I am fascinated with the industry of creating 'business images' often surreal portrayals of 'business people' faking a meeting or bellowing at each other through megaphones or wandering around a desert pulling something like a ball and chain.  I wonder what the working conditions are like for these people who have to model strange activities in these deserts.  If the image whether a random shape or one of these photographs is of use, why not simply have it to represent the idea you are trying to communicate?  Why have the words and the picture too?  Of course, in international business images can be culturally confusing though I also note having worked with Americans and South Africans that words even in the same language can obfuscate more than they can clarify.

Back in the 2000s I found such any different approaches to the slog through numerous slides was challenged and I was told that it showed I lacked ability in using PowerPoint, apparently a necessary minimum requirement.  There was no discussion of the intellectual engagement, purely a focus on the cosmetic aspect.  It was more acceptable to have an excessive quantity of slides for the time allotted than to try a different approach which stepped away from the ingrained expectations of PowerPoint.  I certainly believe that 'less is more' in terms of PowerPoint. Often you can put questions up which you then answer orally for the audience.  You can use it to present diagrams of illustrations that provoke discussion.  Ironically, Bill Bailey in his 'Dandelion Mind' tour does this surprisingly well when discussing 'Doubting' Thomas in art.  Part of the problem of these approaches are that they are dependent on using PowerPoint in the way it was designed to be used, i.e. as an aid to an oral presentation.  Now, however, you have to prepare slides for different purposes.  I am now habitually asked to put my slides on to websites or email them to people.  Thus, I need to have enough words on them that someone who does not have me standing beside them talking about the content can still understand them. 
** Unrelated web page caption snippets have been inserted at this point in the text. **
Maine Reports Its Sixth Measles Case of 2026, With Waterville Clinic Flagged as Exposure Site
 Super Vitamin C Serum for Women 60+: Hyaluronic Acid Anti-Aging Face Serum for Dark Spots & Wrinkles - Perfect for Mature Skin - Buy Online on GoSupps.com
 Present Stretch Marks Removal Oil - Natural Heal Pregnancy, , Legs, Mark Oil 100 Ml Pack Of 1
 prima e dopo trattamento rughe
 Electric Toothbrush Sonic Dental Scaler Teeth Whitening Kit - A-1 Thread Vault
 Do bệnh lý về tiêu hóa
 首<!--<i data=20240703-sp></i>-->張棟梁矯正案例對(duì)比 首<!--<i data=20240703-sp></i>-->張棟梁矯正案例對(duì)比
Increasingly I make two versions for these different audiences so reducing the benefit of the time saving offered by PowerPoint.  However, someone looking for the content to read online or be emailed to them would far better receiving a piece of prose, a report going into the details in some detail or simply summarising them.  There is no point in having slides if you are simply going to print them out or read them on your own computer screen, you might as well simply have a body of text including appropriate illustrations.  You would not expect to put pages of a Word document up at a presentation so why do you expect to give presentation slides to someone as if they were a report?  PowerPoint has become so fetishised that it is difficult for many people in business to think about communicating without using it even when it is not an appropriate medium for what you are saying.

Perhaps my views are beginning to take root in some isolated places.  Whilst I am being pressured to write more and more wordy texts so that I can go through the ritual of twisting round so I can read my own words from an inappropriate way of presenting them, i.e. vast and close to my face, a young colleague has listened to my views.  I have now attended two presentations in which he has eschewed PowerPoint except to introduce the fact that he is not going to use it.  At the last presentation he pointed out to the audience that, whilst they were apparently not aware of it they actually knew all the points he was about to raise about customer demands already.  He gave them three questions and in the space of fifteen minutes the audience of fourteen came up with all the findings that he would have presented.  Perhaps they felt cheated of their ritual of slide watching, but I have a feeling that they gained the message more effectively.  We need to keep reminding ourselves that it is the effectiveness of what we are doing in terms of communicating what we have to say that must be the starting point.  Otherwise it is like picking up a hammer or a saw and struggling to think what we could build with them rather than planning to build something and then taking the appropriate tool out of the box.  Trying to defy the dogmatic, orthodox PowerPoint approach, however, may expose you to being treated like a heretic of old.